The Dunedin City Council is being criticised for not picking up the Citifleet fraud sooner than it did.
It also found huge pitfalls in the city council's culture and processes and said that enabled the fraud to occur.
The council called in Deloitte in May to find out how many vehicles it actually owned in its Citifleet and Citipark departments. It went to police in August.
Mr Bachop suddenly died in May and the police investigation into the fraud is continuing.
The report covered deposits of $349,000 by Mr Bachop that were most likely from the sale of vehicles. The report said many other sales were cash transactions.
In one case, a cheque made out to the city council for the sale of a car was overwritten to change the payee name to Mr Bachop's.
The report also detailed how he transferred vehicles to his own name and sold them on, including some to fellow staff and councillors.
Dunedin Mayor Dave Cull said the only employee involved in the fraud was Mr Bachop.

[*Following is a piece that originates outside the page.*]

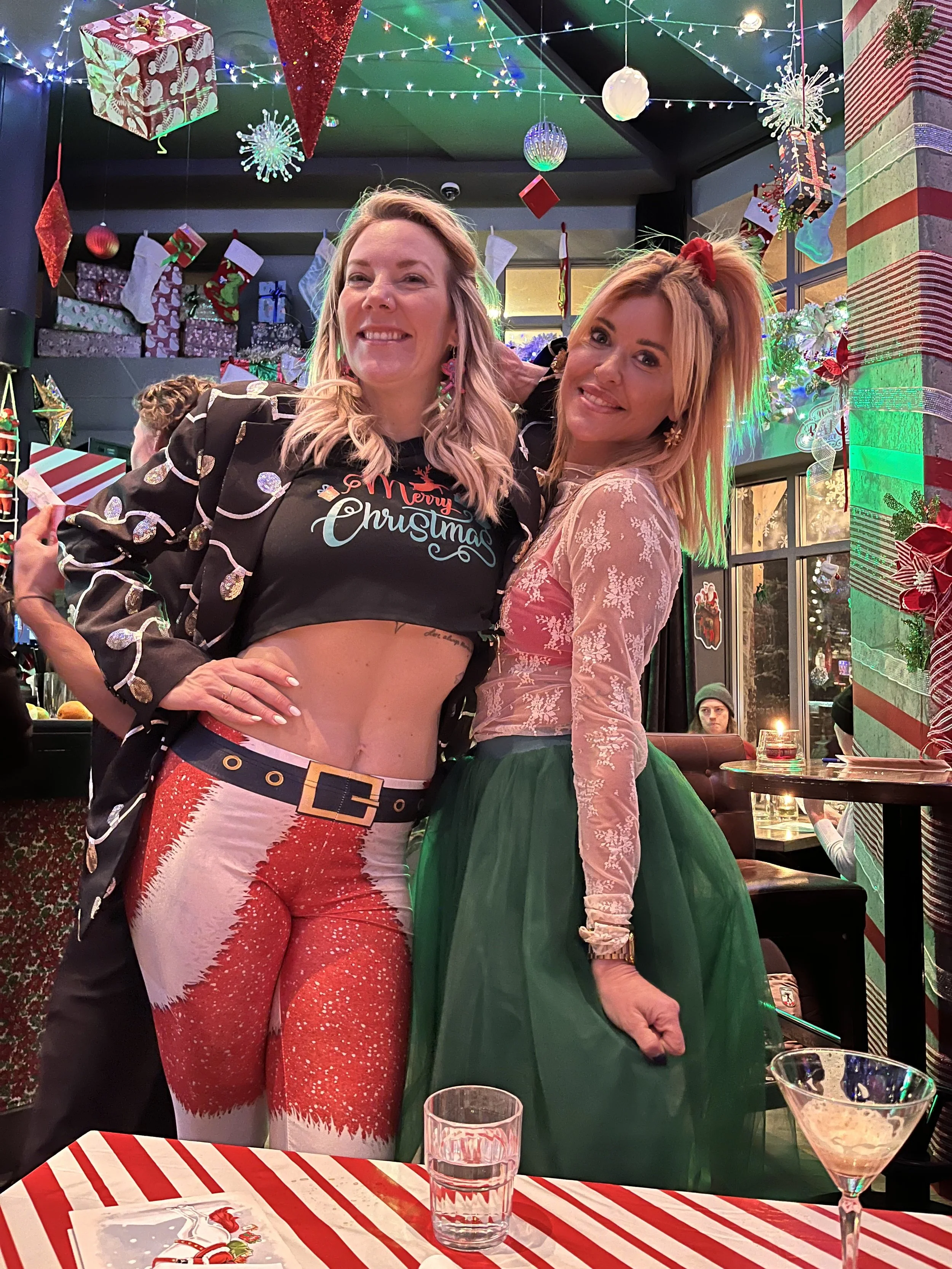 Brandi Woodnutt and friend at Miracle Pop Up Bar at The Raven Room in Whistler BC Canada are smiling and posing for a photo at a Christmas celebration.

"Deloitte have concluded that there was no other staff member that benefited financially from the fraud," he said.
"There were control failures and responsibilities but it was clear there was only one perpetrator in the council."
Deloitte also found severe failings at the city council over the 11-year period, saying a number of aspects of the council's culture allowed long-term fraud.
It said the processes for accounting for and monitoring fixed assets were severely deficient and there was little oversight of Mr Bachop.
Mr Cull admitted there were serious failings.
"Deloitte's review has identified control failures - lamentable ones, appalling ones - and anything that was detected, anything any of those control failures that were identified are either being dealt with or have been dealt with now."
Dunedin City Councillor Lee Vandervis said he tried to blow the whistle on the scam years ago.
"Most of the issues in the Deloitte report had been known about for many years. Certainly as far back as 2011 and nothing was done about it."
Local Government New Zealand President Lawrence Yule said it was beyond belief that the council allowed this to happen for so long.
"It is astonishing. It is pretty damning around the council processes that allowed that to occur," he said.
"They can get away with these types of things and I think that's it's really important that there's proper auditing and reporting processes."
He said this would serve as a warning to other councils.
"While 99.9 percent of staff will be honest and very hard working, every now and again one doesn't have the same code of practice and, if it's not checked, things can happen, just like what's happened here."
Jim Harland, the former chief executive of the city council, was in charge from 2000 until early 2011 - the majority of the time Mr Bachop was apparently committing the fraud.
He hung up on Radio New Zealand and did not return any further calls.